On page 319 of Irving M. Copi's 'Symbolic Logic', he states, "if we want our logical system to be applicable to any possible universe, regardless of the exact number of individuals it contains there is no N_j such that we want N_j or ~N_j provable as theorems, where N_j is the statement that there are at most j individuals.

Then on page 320 he states "instead of continuing to speak of 'possible universes', we shall talk about models, where a model is any non-empty collection of elements each of which is thought of as an individual. And instead of speaking of our system of logic as being applied to a possible universe, we shall speak of a model as constituting an interpretation of our formal system."

Then he gives a rather complicated definition of an interpretation.

This is all done to prove the completeness of the first order function calculus RS_1. What I'm wondering, is whether or not there is a simpler definition of interpretation than the one offered by Copi, and whether his definition of the term 'model' is the same one that appears in the statement, "A logical constant is a symbol of symbolic logic that has the same meaning in all models"?

Answer 1

Unfortunately, those terms are used in different ways by different logicians. It is fairly standard to say that an interpretation of a sentence in a formal language is an assignment of meanings to its terms, i.e. an interpretation assigns a referent to names, classes to predicates and functions, truth values to propositional variables. A model of a sentence is an interpretation under which the sentence is true.

By extension we can also speak of interpretations and models of entire theories, i.e. of classes of sentences. So an interpretation of a theory is one that provides an interpretation for all its sentences, and a model of a theory is an interpretation under which all of its sentences are true.

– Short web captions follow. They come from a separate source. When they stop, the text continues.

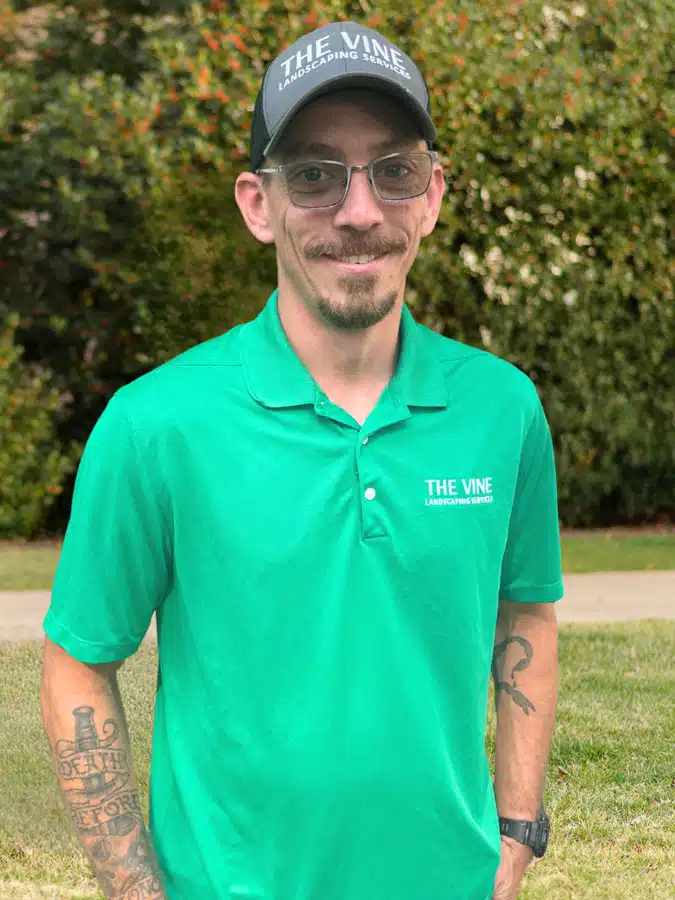 Andrew Urmaker - Production Manager
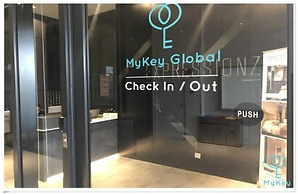 Expressionz Professional Suites by MyKey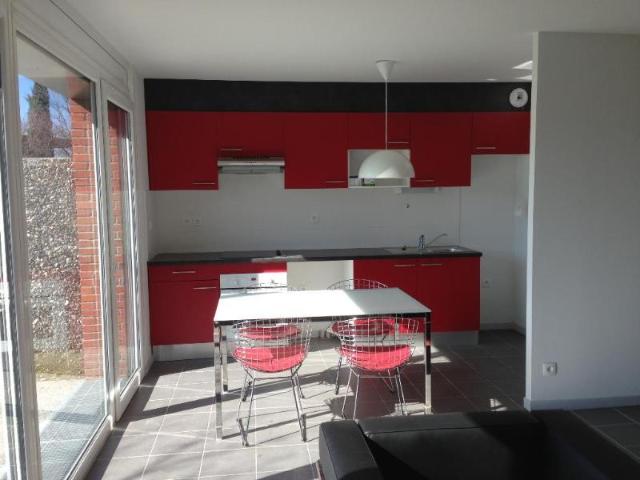 Maison location à Toulouse, Balma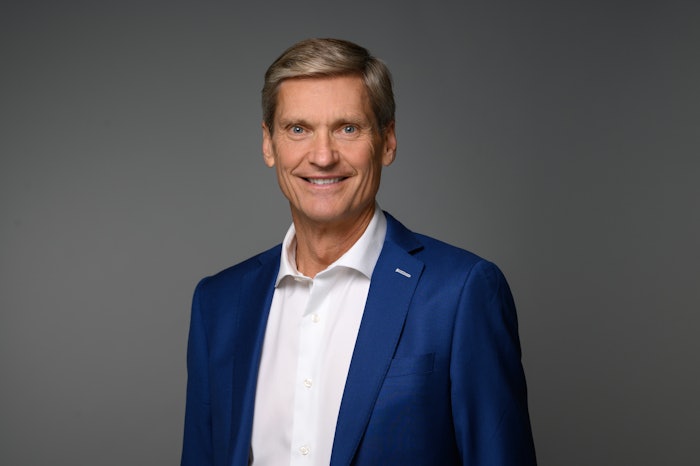 J. Erik Fyrwald is said to bring more than four decades of executive and operational experience driving innovation and profitable, sustainable growth at leading corporations in the nutrition, agriculture and chemicals industries.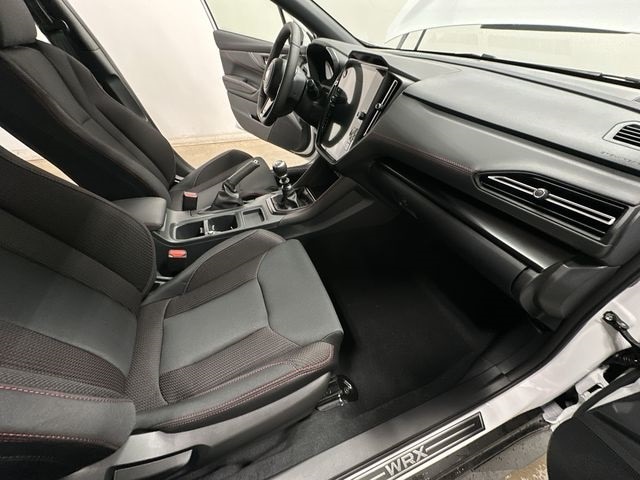 Thumbnail: 2025 Subaru WRX - 20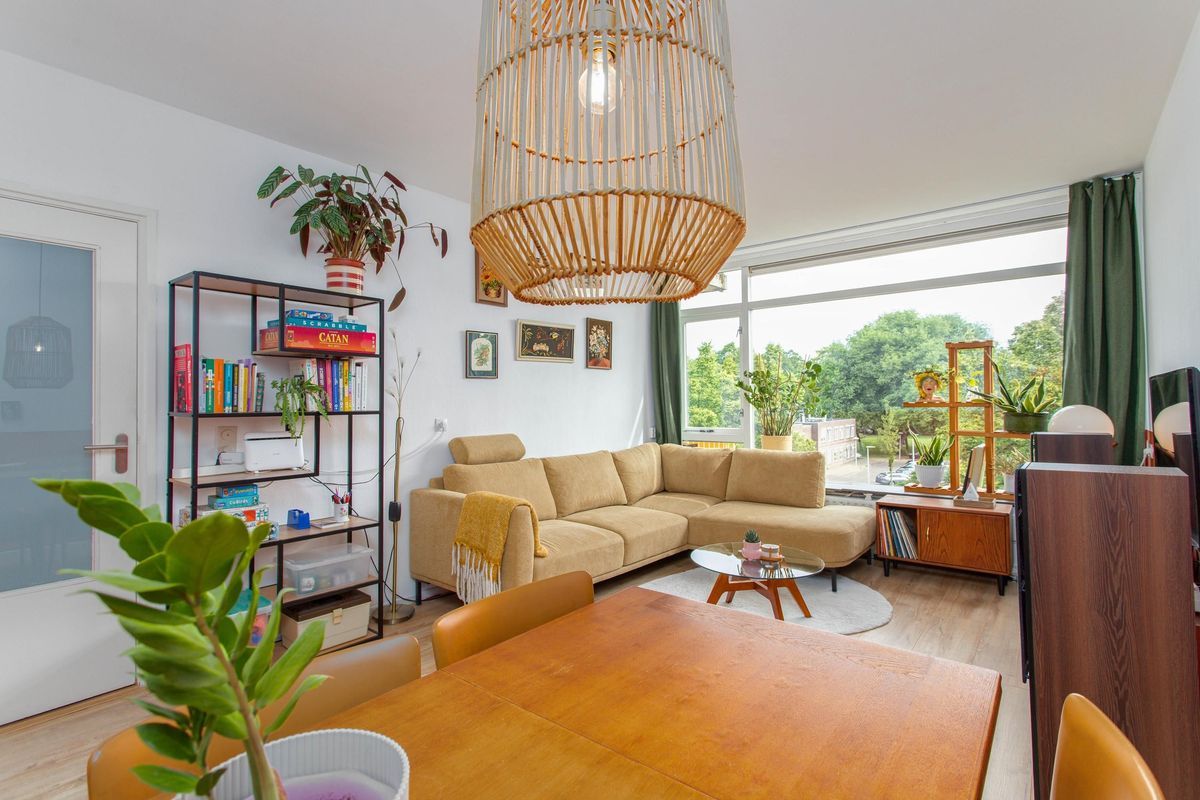 Moezeldreef 155 Photo Blur 6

So for example, a sentence Fa may have many interpretations. If we take our domain to be the real world, and interpret the predicate F to mean "is a professional football player", and the name a to mean Lionel Messi, then that interpretation is a model of that sentence, since the sentence is true under that interpretation. If instead we interpret a to mean Gordon Ramsey, the sentence would be false under that interpretation and so the interpretation would not be a model of it.

However, some writers use model and interpretation interchangeably, which is rather confusing. Also, interpretation is sometimes used in a broader sense to refer to the relation under which one structure can be mapped into another.

Answer 2

In Ebbinghaus 2021, the four important terms regarding the semantics of a language are a structure, an assignment, an interpretation, and a model.

An alphabet consists of eight distinct groups of symbols: quantifiers, variables, constants, functions, relations, punctuation, logical symbols, and equality.

When we supply rules for constructing terms and formula from those symbols, we have a language. This is basically like a grammar. In model theory, variables, constants, and functions are terms; and relations are formula.

A structure is a map from the function symbols, relation symbols, and constant symbols of the alphabet to some actual functions, relations and values, in some semantic domain.

When we have a structure, we are now closer to knowing what referents the terms of the language refer to.

An assignment is a mapping of the variables to specific values. (I am now realizing I do not know how this interacts with quantifiers).

An interpretation is a structure with an assignment. When we have an interpretation, we now know everything the language is saying, so we can determine if a given formula written in the language says something true or not.

A model of a formula just means a structure which makes the formula true (for all possible variable assignments). You can think of it intuitively as a structure for which the formula is universally true!

We recycle the same term ‘model’ for sets of formulae: if we find a structure (by interpreting components of a language as referring to particular things); and if all the formulae in a set of formulae are true (for all possible values of the variables); we say that that structure is a model of that set of formula. The model is just an example of something which the formula describe meaningfully.

Copi calls a “model” what Ebbinghaus calls a “structure”. Ebbinghaus considers a model a structure which actually interprets a set of formula well. But Copi considers a model “any semantic assignment for the language, whether it is a good one or not.”